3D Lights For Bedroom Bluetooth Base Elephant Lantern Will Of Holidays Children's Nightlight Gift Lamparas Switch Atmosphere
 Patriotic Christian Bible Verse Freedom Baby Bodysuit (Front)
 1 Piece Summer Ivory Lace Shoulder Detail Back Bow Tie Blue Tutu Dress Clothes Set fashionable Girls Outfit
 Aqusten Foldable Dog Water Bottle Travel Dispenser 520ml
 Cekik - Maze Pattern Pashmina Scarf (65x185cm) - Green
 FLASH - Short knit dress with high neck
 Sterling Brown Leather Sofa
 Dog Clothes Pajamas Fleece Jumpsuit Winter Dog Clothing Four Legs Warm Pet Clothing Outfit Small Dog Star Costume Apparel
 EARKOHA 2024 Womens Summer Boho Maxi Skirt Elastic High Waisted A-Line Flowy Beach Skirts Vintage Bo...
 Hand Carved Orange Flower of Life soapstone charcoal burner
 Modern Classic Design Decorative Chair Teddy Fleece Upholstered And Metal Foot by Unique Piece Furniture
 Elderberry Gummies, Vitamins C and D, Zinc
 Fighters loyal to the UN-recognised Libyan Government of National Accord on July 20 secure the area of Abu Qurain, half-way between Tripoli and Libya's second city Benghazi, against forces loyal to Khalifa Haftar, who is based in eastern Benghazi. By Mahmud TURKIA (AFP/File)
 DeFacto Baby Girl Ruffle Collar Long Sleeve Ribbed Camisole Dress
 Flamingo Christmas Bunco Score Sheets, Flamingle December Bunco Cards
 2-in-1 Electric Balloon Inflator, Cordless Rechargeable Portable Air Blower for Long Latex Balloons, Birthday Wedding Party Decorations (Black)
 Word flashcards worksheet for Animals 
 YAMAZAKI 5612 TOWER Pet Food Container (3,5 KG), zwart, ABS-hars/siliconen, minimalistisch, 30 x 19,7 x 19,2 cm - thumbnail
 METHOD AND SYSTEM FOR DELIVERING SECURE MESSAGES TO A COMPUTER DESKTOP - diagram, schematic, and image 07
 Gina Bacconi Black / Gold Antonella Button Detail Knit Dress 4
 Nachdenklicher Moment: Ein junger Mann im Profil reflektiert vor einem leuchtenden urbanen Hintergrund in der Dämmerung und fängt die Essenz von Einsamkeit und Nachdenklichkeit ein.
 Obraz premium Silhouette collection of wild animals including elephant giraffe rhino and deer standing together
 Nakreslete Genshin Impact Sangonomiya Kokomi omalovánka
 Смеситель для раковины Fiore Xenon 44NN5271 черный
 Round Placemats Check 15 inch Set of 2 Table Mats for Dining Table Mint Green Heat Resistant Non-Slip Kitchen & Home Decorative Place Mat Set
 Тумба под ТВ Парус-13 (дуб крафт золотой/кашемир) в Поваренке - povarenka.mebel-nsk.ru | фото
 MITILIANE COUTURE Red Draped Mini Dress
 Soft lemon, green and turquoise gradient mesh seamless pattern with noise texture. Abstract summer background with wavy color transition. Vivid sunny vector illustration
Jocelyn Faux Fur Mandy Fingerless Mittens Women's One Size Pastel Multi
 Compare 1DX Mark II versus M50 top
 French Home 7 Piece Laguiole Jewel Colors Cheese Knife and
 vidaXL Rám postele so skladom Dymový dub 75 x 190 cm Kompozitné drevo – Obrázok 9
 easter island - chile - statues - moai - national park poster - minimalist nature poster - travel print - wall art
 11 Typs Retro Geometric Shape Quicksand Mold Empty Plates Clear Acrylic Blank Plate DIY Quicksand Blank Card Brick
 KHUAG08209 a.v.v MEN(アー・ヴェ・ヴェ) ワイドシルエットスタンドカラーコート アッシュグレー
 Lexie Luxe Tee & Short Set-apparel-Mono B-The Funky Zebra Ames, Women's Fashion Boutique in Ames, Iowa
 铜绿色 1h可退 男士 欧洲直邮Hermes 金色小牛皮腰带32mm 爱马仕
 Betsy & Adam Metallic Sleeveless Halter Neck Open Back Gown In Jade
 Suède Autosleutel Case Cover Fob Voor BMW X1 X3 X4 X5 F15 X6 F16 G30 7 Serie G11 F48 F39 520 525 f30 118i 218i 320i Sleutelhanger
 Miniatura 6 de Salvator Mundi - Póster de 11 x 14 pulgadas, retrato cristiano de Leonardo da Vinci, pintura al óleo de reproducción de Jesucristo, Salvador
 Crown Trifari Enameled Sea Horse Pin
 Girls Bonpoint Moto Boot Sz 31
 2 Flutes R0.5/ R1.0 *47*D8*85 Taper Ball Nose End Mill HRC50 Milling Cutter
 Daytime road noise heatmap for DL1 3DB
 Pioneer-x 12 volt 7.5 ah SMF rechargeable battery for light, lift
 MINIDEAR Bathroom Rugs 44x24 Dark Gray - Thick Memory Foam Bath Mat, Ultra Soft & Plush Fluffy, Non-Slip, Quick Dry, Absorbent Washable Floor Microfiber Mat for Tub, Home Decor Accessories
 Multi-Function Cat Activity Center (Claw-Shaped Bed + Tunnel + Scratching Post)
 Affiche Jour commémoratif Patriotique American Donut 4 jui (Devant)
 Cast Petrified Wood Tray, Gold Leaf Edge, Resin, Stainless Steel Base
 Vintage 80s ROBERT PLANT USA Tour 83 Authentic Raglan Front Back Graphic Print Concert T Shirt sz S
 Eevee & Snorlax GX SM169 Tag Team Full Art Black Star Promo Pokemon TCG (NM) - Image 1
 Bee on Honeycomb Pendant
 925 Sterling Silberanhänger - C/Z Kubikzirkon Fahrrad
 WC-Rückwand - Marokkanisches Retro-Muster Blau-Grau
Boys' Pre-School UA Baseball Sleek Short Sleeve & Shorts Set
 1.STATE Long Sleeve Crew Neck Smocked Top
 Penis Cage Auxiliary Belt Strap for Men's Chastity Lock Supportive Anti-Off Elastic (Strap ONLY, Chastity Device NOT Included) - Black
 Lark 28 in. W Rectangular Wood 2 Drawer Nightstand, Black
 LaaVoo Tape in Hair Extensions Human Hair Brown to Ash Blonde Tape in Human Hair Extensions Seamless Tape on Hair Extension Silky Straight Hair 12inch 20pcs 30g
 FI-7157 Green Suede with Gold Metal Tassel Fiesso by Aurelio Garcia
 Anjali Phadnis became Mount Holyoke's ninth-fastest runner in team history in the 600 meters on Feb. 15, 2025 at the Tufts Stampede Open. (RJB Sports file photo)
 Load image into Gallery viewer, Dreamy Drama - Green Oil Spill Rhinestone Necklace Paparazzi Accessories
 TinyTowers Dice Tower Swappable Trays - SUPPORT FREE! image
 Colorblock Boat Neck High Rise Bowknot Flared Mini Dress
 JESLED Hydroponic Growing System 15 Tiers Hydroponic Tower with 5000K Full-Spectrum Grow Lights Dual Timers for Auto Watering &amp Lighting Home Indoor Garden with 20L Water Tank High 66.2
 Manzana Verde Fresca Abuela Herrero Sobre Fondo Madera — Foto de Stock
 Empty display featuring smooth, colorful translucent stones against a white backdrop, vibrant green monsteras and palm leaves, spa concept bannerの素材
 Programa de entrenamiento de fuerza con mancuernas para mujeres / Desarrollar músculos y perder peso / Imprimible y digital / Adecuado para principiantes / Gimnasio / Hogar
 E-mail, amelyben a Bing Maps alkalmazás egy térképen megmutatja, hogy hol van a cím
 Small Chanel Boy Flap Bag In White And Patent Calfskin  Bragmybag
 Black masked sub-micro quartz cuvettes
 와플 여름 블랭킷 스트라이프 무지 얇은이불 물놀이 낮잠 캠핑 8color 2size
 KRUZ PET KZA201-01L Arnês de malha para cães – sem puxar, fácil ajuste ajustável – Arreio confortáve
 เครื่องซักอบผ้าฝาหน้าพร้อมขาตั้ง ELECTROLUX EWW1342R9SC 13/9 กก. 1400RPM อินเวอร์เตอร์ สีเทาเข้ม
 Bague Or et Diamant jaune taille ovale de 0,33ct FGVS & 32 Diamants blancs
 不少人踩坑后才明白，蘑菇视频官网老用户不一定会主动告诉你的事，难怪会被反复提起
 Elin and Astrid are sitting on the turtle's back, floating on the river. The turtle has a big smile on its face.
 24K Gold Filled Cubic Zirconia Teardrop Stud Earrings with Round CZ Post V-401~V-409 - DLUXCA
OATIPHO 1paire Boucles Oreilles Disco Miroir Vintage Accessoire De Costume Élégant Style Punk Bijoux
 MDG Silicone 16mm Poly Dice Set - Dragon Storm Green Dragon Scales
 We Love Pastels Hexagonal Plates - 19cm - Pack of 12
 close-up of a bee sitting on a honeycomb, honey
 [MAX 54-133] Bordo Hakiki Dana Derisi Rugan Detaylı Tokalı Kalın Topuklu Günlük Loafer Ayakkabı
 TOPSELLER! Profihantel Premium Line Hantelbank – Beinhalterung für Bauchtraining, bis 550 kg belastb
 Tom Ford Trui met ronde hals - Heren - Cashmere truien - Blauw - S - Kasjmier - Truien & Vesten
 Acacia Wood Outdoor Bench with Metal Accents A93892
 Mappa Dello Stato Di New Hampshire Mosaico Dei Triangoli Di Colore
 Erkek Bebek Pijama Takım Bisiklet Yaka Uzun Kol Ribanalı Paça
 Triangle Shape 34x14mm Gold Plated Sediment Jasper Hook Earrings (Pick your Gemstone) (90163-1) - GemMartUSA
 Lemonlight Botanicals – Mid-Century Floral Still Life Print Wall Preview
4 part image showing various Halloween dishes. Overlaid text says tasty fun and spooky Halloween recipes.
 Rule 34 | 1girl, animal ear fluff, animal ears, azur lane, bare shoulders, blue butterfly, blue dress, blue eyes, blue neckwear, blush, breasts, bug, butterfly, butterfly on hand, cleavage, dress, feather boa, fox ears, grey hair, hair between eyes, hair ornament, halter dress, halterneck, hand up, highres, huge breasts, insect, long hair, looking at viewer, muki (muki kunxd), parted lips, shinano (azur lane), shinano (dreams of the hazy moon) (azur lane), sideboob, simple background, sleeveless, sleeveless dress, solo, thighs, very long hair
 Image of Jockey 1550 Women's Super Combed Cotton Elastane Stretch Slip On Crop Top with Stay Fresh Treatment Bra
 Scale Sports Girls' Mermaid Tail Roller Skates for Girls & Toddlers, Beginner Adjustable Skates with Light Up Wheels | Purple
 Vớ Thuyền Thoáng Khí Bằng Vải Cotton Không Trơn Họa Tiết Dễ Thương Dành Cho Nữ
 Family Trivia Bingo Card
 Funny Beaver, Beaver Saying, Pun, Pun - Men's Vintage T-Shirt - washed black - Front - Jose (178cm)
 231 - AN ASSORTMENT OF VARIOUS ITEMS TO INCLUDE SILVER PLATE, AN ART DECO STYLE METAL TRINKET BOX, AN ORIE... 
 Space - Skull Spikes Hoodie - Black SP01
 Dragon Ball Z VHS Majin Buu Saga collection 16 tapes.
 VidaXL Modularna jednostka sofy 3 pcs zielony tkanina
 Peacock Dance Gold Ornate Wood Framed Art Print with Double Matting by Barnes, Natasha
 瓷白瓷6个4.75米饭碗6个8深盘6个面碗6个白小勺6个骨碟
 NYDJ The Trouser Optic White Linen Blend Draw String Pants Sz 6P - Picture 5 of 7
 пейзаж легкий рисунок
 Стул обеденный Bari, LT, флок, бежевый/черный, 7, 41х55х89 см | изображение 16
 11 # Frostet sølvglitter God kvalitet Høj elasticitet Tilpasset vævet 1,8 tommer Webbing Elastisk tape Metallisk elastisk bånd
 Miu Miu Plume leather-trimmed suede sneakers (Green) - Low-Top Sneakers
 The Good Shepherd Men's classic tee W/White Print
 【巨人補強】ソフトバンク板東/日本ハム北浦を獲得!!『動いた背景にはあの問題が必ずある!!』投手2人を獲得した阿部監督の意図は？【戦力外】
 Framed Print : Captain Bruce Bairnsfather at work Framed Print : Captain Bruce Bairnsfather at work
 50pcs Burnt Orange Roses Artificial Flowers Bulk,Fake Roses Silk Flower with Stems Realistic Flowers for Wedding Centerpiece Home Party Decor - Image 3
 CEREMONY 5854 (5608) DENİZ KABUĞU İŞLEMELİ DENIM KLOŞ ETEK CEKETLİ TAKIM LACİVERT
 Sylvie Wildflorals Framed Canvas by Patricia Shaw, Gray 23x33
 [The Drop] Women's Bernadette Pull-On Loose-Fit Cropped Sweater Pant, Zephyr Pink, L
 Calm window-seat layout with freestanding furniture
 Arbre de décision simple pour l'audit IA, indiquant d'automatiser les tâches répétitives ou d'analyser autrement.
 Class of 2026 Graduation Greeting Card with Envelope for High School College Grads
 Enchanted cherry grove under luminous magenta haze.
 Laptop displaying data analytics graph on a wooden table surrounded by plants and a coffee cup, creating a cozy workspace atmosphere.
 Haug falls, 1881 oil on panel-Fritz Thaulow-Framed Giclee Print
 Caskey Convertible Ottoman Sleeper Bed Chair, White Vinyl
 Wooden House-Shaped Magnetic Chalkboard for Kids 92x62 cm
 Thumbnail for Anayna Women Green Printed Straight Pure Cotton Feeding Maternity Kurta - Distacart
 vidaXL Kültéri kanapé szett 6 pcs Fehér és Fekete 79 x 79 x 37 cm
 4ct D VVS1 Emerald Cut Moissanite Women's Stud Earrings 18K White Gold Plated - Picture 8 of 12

.....

■ **What the task asks**
Of the lines above, extract only those from the line with "Bee on Honeycomb Pendant" to the line with "FI-7157 Green Suede", both included, exactly as written.

■ **Task answer**
 Bee on Honeycomb Pendant
 925 Sterling Silberanhänger - C/Z Kubikzirkon Fahrrad
 WC-Rückwand - Marokkanisches Retro-Muster Blau-Grau
Boys' Pre-School UA Baseball Sleek Short Sleeve & Shorts Set
 1.STATE Long Sleeve Crew Neck Smocked Top
 Penis Cage Auxiliary Belt Strap for Men's Chastity Lock Supportive Anti-Off Elastic (Strap ONLY, Chastity Device NOT Included) - Black
 Lark 28 in. W Rectangular Wood 2 Drawer Nightstand, Black
 LaaVoo Tape in Hair Extensions Human Hair Brown to Ash Blonde Tape in Human Hair Extensions Seamless Tape on Hair Extension Silky Straight Hair 12inch 20pcs 30g
 FI-7157 Green Suede with Gold Metal Tassel Fiesso by Aurelio Garcia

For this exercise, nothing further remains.